Sommigen zien deze maatregelen als de voortzetting van het standaardbeleid met andere middelen. Als de nominale rente niet verder kan worden verlaagd, nemen de centrale banken hun toevlucht tot andere instrumenten om het monetair beleid vorm te geven. Ze zijn aan het einde van de weg gekomen en schakelen op hun vierwielaandrijving over: ze breiden hun balansen uit en geven liquiditeitsinjecties om de structuur van rentes en rendementen te beïnvloeden en op die manier de vraag te stimuleren. Maar als de centrale banken naar de gewone weg terugkeren – dwz: als ze de ongebruikelijke maatregelen loslaten – moeten ze eerst het niet-conventionele beleid ongedaan maken voordat ze de rente weer kunnen laten stijgen.

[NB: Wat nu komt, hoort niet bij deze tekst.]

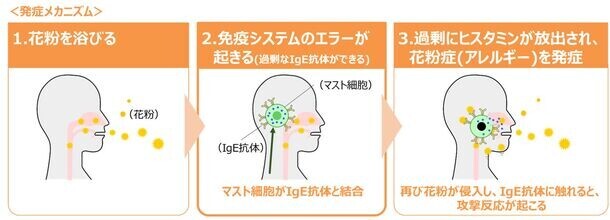 【食生活も影響か】Z世代以下の花粉症デビューは、平均11.58歳　発酵食品「にごり酢」に含まれる酢酸菌が、鼻づまり症状緩和の新たな選択肢に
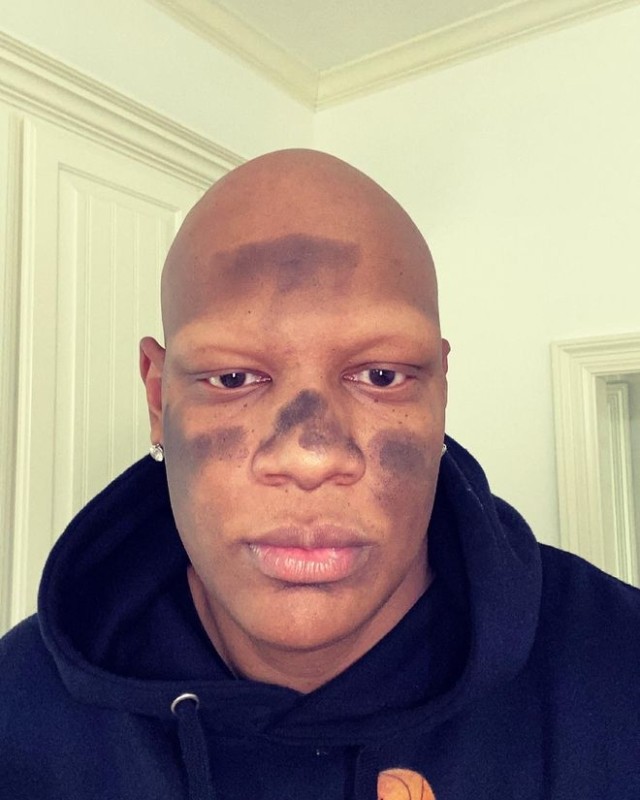 快讯>正文事后,维拉纽瓦也发了一张自己的脸被烧得黢黑的照片,他还开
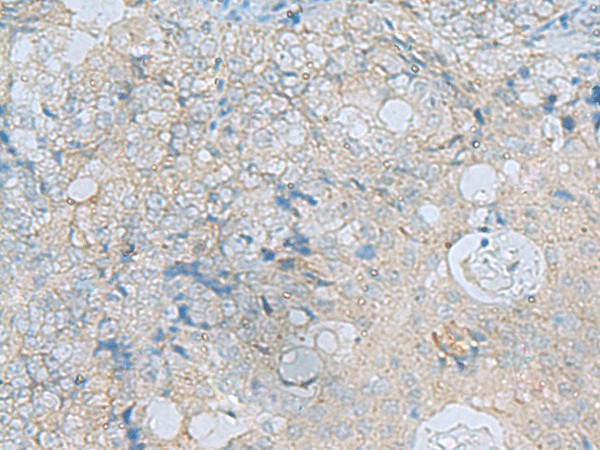 Immunohistochemistry of paraffin-embedded Human ovarian cancer tissue  using ENKD1 Polyclonal Antibody at dilution of 1:75(?200)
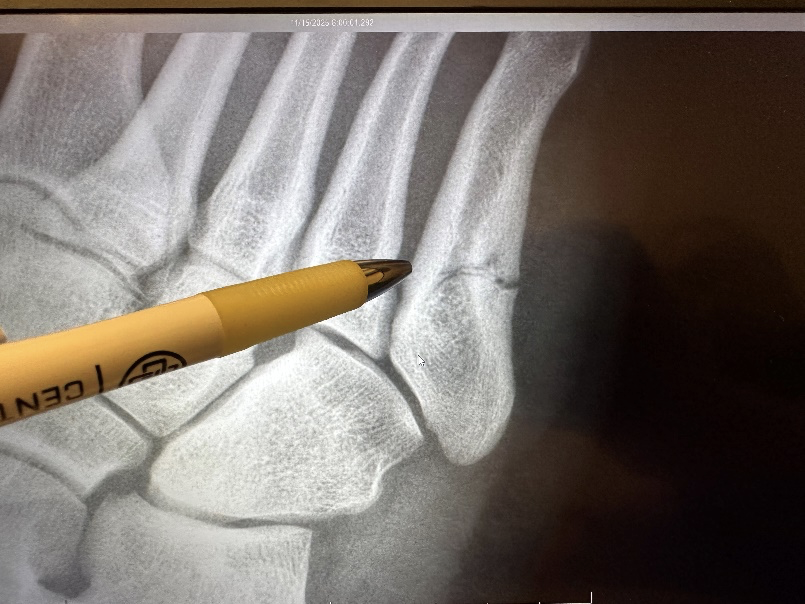 Jones Fracture x-ray at Ortho Central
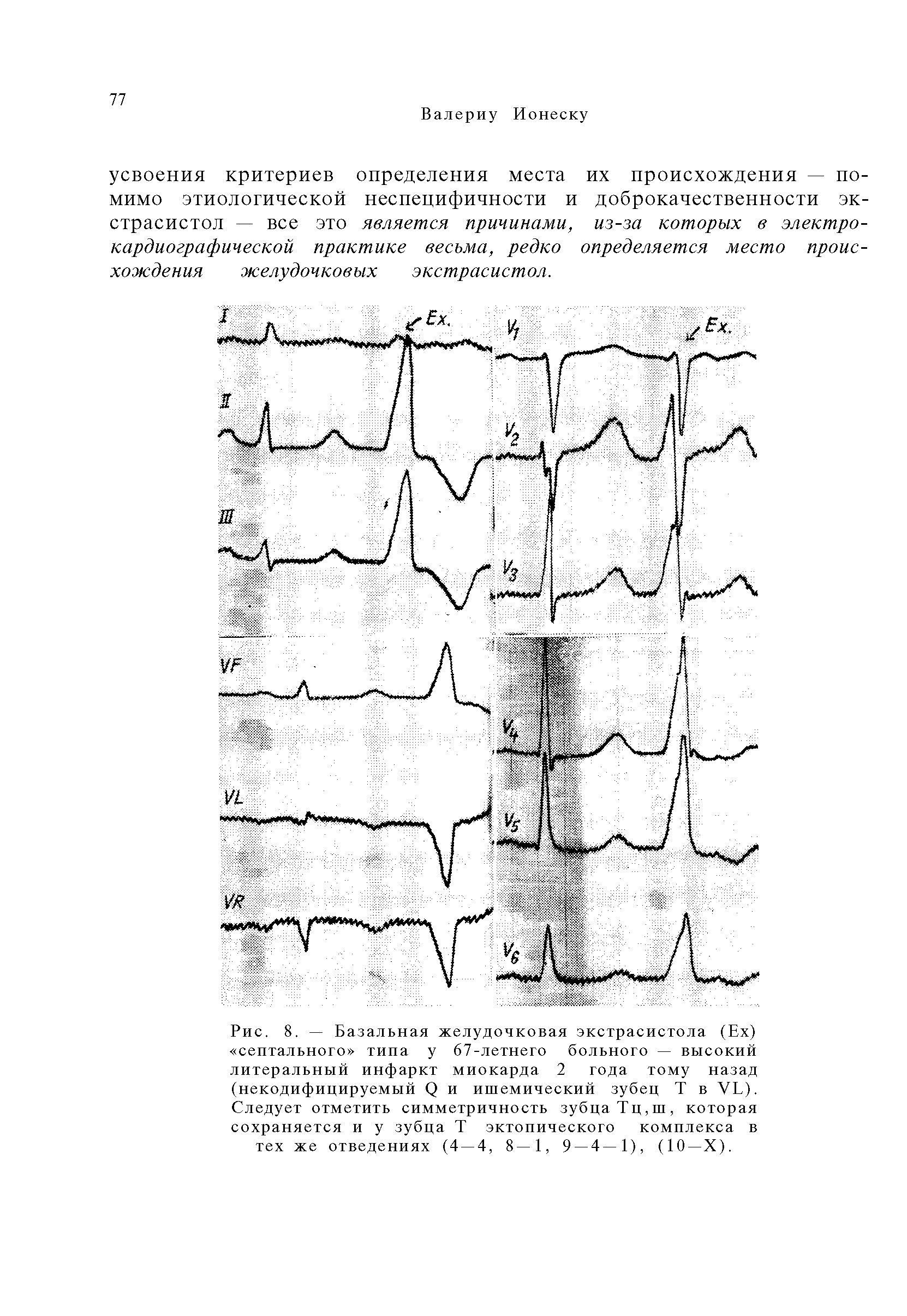 Рис. 8. — Базальная желудочковая экстрасистола (Ех) септального типа у 67-летнего больного — высокий литеральный инфаркт миокарда 2 года тому назад (некодифицируемый (2 и ишемический зубец Т в УЬ). Следует отметить симметричность зубца Тц,ш, которая сохраняется и у зубца Т эктопического комплекса в тех же отведениях (4 — 4, 8—1, 9 — 4—1), (10—X).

Ik wil graag een andere visie naar voren brengen. Stel dat de belangrijkste rentetarieven zijn vastgesteld op niveau's die toereikend geacht worden om de prijsstabiliteit in stand te houden, op grond van een reguliere, samenhangende inschatting van de economische en monetaire omstandigheden. Volgens de gangbare praktijk kunnen de rentetarieven dan positief zijn, dichtbij nul staan of zelfs nul procent bedragen.